The speed of the half of register renewal rate can be used, by the content in each shift register (that is, v (k)with i (k)) be delivered to Fourier and calculate 408.Therefore, step can be upgraded every a register and perform Fourier's calculating.Fourier calculates the result that can provide first harmonic.The frequency of the first harmonic that each Fourier calculates can be fn=sn/ Kor ω n=2 π sn/K.Therefore, by selecting the number of shift register and length and relevant sampling rate, the frequency step of calculating can be defined.The result providing Fourier to calculate from relevant ARTFC module can be exported as AC, thus expression frequency " fn" under impedance differences.
Fig. 4 b illustrates the conceptual time-scale 410 of the ARTFC method according to embodiment disclosed herein.In the time-scale of graphic extension, sampling rate can be used s 0 to input signal v (k)with i (k)sample.As coordinated as described in Fig. 4 a above, the sampling rate relevant to shift register (that is, s1, s2 ... etc.) can be slower.In the time-scale 410 of graphic extension, content of registers is delivered to time step when Fourier calculates by the second step (representing with solid point in graphic extension) expression of each sampling rate.
As graphic extension in time-scale 410, each time step can perform and once calculate.The use of allocation process activity in time and CPU can be helped like this, thus allow to carry out real-time calculating.And, provide the result of upper frequency than the result providing lower frequency sooner and frequently.In certain embodiments, ARTFC method can output impedance vector, the computing method of this vector impedance be by the Fourier coefficient of voltage divided by electric current Fourier coefficient (that is, z(j ω)= v(j ω)/ i(j ω) ).The AC of relevant ARTFC module exports the vector that can comprise and producing based on the resistance value calculated.
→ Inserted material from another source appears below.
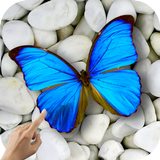 Magic Touch: Butterflies Zeichen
Fig. 5 graphic extension is according to the state observer 500 of embodiment disclosed herein.In certain embodiments, can the parameter (such as, voltage and/or electric current) that measures based on battery system one or more and/or other I/O be coordinated to determine and/or assess the state of battery system by utilization state observer 500.In certain embodiments, state observer 500 can comprise imperial Burger observer.In certain embodiments, can coordinate the one or more resistance assessed and will utilize in actual battery system model by utilization state observer 500, the method for assessment is by resistor parameter model is become time dependent state.Except other aspects, state observer 500 can allow dynamically to regulate these resistance based on the performance of actual battery system, thus the accuracy of model when being improved to battery system performance modeling.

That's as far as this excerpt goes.